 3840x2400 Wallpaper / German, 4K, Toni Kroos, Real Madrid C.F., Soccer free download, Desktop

------------------------------------------------------------------------

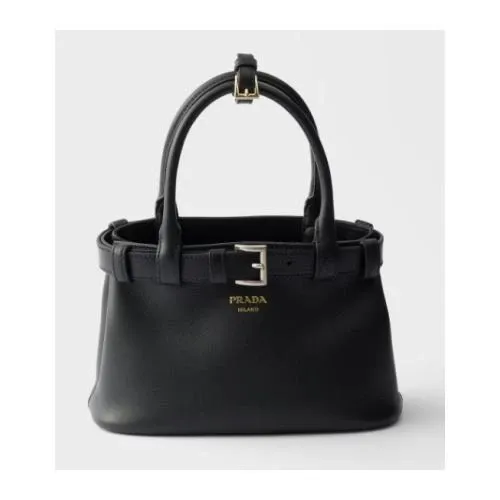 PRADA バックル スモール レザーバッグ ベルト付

------------------------------------------------------------------------

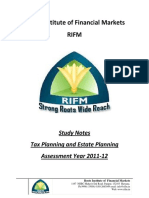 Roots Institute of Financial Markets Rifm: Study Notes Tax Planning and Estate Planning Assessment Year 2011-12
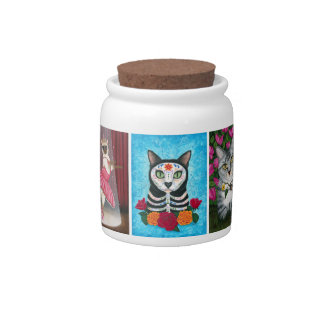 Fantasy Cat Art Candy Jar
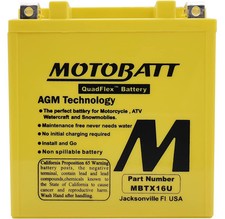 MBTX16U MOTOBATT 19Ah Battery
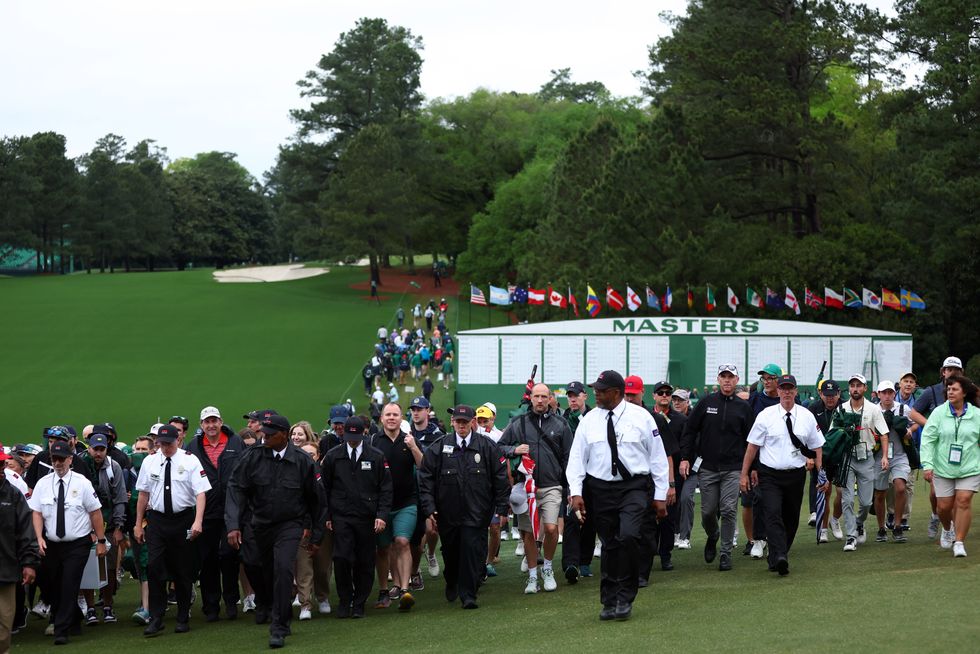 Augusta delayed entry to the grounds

------------------------------------------------------------------------

What is required> Extract from the material above the stretch running from the line containing "Roots Institute of" through the line containing "Augusta delayed entry to the grounds". Keep the text exact and the pictures out.

Response to this task>
 Roots Institute of Financial Markets Rifm: Study Notes Tax Planning and Estate Planning Assessment Year 2011-12
 Fantasy Cat Art Candy Jar
 MBTX16U MOTOBATT 19Ah Battery
 Augusta delayed entry to the grounds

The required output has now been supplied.